• Exercise brief: Return the data that follows exactly as it appears. Pictures do not belong in the copy.

• Source material:
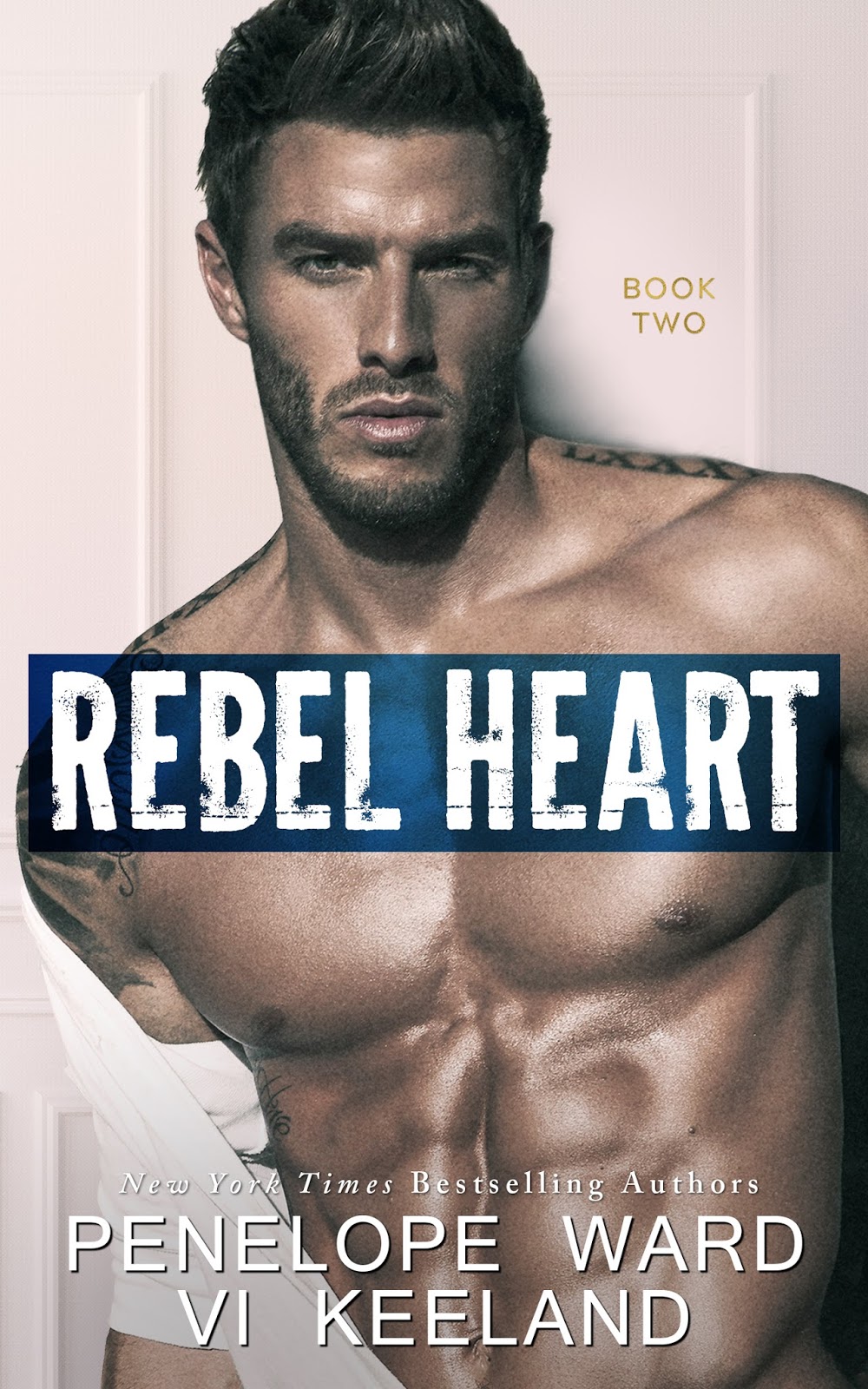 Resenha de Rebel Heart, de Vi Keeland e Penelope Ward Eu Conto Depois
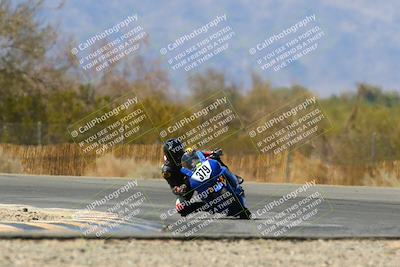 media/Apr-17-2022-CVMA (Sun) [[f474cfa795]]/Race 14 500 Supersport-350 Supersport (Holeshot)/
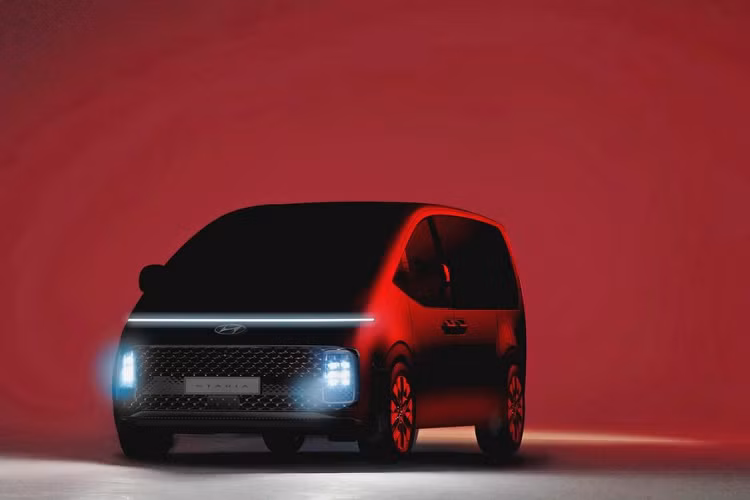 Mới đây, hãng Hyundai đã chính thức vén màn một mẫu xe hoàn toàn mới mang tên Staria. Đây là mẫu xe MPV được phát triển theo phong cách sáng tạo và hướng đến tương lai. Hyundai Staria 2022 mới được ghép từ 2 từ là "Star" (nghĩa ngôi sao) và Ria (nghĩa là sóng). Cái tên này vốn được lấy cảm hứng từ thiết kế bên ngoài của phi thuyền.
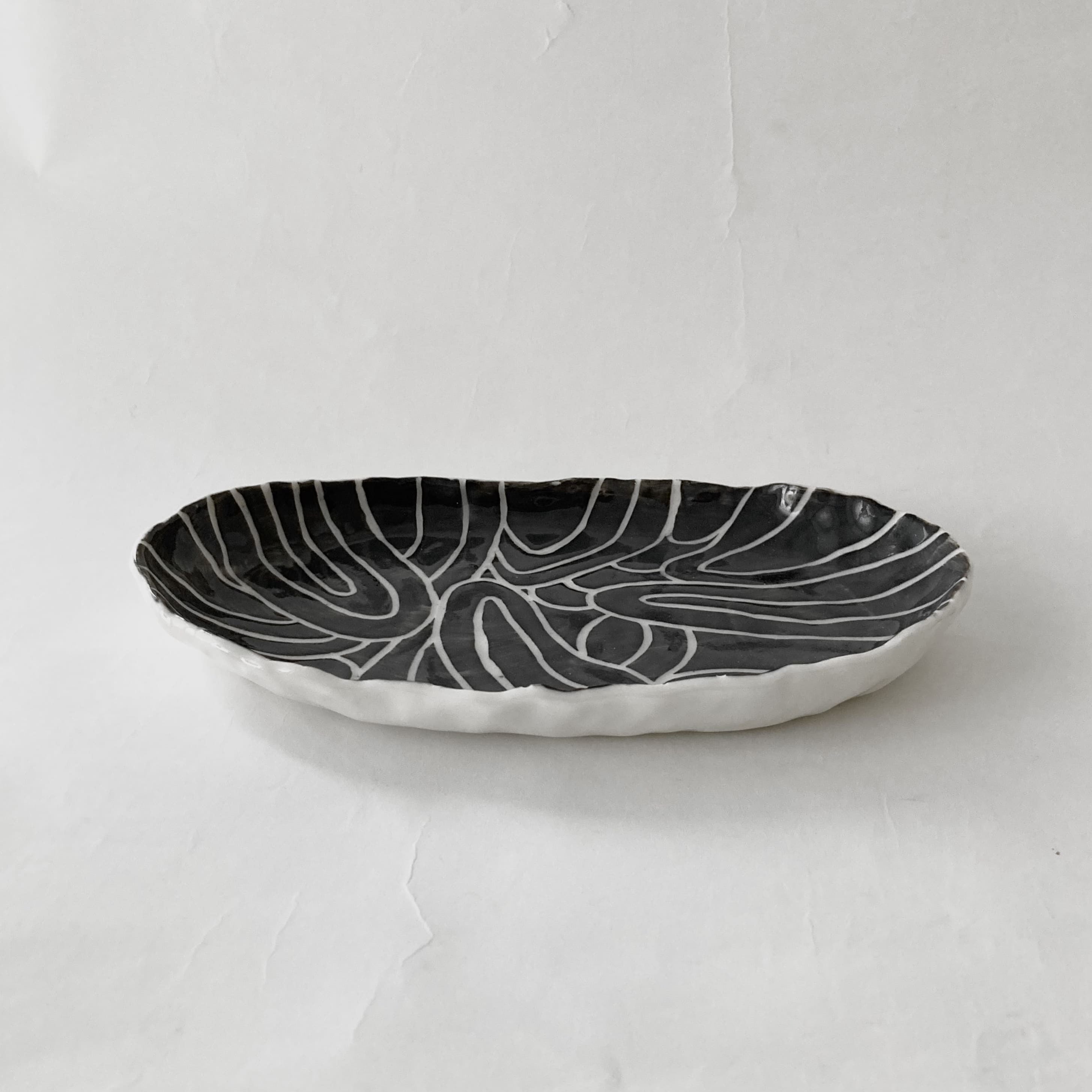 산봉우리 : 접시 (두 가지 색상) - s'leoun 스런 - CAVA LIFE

• Output below:
 Resenha de Rebel Heart, de Vi Keeland e Penelope Ward Eu Conto Depois
 media/Apr-17-2022-CVMA (Sun) [[f474cfa795]]/Race 14 500 Supersport-350 Supersport (Holeshot)/
 Mới đây, hãng Hyundai đã chính thức vén màn một mẫu xe hoàn toàn mới mang tên Staria. Đây là mẫu xe MPV được phát triển theo phong cách sáng tạo và hướng đến tương lai. Hyundai Staria 2022 mới được ghép từ 2 từ là "Star" (nghĩa ngôi sao) và Ria (nghĩa là sóng). Cái tên này vốn được lấy cảm hứng từ thiết kế bên ngoài của phi thuyền.
 산봉우리 : 접시 (두 가지 색상) - s'leoun 스런 - CAVA LIFE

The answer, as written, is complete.